Adam Boukadida, Chief Financial Officer, Etihad Aviation Group, said: “A greater emphasis is being placed on a drive towards increased cost optimisation and efficiencies across the entire business to face the hurdles placed in our way by COVID-19. Our suppliers and partners have also worked closely with us, including the arrangement of payment holidays with lessors and savings discussions with all of our supply chain, so we can re-emerge stronger together.”

Throughout August and September, subject to the lifting of international restrictions and the re-opening of individual markets, the airline aims to fly to 61 destinations worldwide from its Abu Dhabi hub, operating approximately 50 per cent of its pre-COVID capacity.

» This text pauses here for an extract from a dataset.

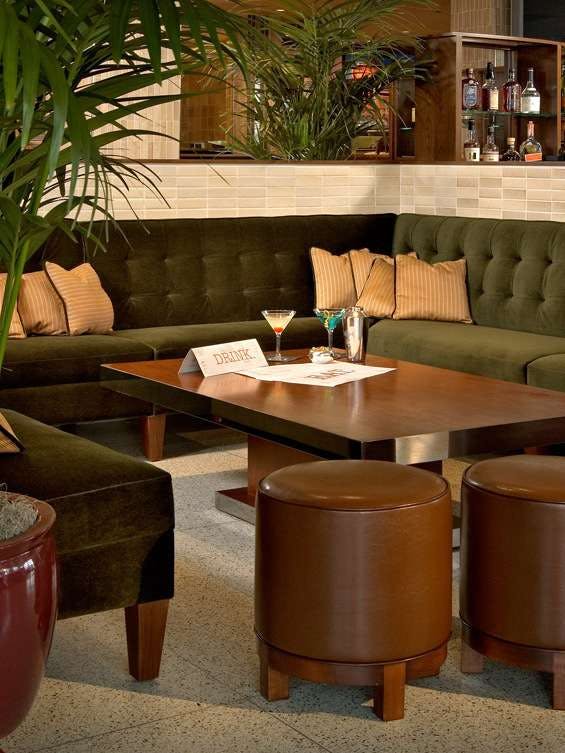 Hotel Crowne Plaza Chicago Metro Downtown photo 3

Etihad has made redundancies and reduce salaries to cope with the situation.

Douglas adds: “Etihad, like all major airlines, has had no choice but to embrace the ambiguity of the situation it has been thrown into, and with much sadness, we have had to make some extremely difficult decisions to reduce the size of the workforce by several thousand.”

With most of its passenger aircraft on the ground, Etihad confirmed that it had embarked on the biggest aircraft maintenance programme in its history. The airline’s MRO division, Etihad Engineering, performed maintenance work on 97 passenger aircraft including 29 A320 and A321s, 10 A380s, 39 787s, and 19 777-300ERs. This ranged from minor maintenance tasks, such as seat repairs and updates to inflight entertainment systems, to bringing forward scheduled engine changes and modifications on several aircraft, reducing the need to withdraw them from service when scheduled services resumed. The extensive programme was additional to the routine maintenance which is carried out at regular intervals.